### Excerpted data:
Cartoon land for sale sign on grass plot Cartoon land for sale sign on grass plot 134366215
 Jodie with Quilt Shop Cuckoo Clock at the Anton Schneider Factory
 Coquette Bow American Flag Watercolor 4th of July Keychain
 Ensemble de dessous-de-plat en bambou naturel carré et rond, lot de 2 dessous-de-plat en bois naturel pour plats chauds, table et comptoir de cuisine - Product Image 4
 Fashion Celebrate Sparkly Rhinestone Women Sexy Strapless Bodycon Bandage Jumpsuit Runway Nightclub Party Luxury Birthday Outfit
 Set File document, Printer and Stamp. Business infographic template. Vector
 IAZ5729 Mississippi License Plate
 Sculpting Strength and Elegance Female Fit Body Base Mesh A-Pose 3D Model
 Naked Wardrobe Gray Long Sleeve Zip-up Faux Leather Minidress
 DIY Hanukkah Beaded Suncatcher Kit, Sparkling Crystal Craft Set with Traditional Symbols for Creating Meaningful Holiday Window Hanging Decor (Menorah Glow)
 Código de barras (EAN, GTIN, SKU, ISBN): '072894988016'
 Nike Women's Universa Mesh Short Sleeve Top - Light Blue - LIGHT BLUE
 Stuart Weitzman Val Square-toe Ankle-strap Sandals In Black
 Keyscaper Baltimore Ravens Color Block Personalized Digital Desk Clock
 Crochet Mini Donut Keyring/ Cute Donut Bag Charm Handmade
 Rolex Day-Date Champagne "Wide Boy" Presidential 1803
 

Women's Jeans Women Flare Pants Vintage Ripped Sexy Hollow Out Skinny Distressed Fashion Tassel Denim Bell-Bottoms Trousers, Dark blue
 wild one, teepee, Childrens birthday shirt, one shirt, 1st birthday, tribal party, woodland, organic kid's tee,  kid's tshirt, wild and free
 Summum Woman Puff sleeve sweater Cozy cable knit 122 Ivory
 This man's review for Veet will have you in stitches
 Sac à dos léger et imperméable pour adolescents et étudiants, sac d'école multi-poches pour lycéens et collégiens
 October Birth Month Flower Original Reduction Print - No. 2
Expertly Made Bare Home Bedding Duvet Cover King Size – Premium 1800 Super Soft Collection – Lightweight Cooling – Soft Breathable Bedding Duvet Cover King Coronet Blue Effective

### About this exercise:
Going back to the entries above, set down exactly the lines that begin at the one with "Keyscaper Baltimore Ravens" and end at the one with "Rolex Day-Date Champagne", both included, and nothing else.

### Finished task:
 Keyscaper Baltimore Ravens Color Block Personalized Digital Desk Clock
 Crochet Mini Donut Keyring/ Cute Donut Bag Charm Handmade
 Rolex Day-Date Champagne "Wide Boy" Presidential 1803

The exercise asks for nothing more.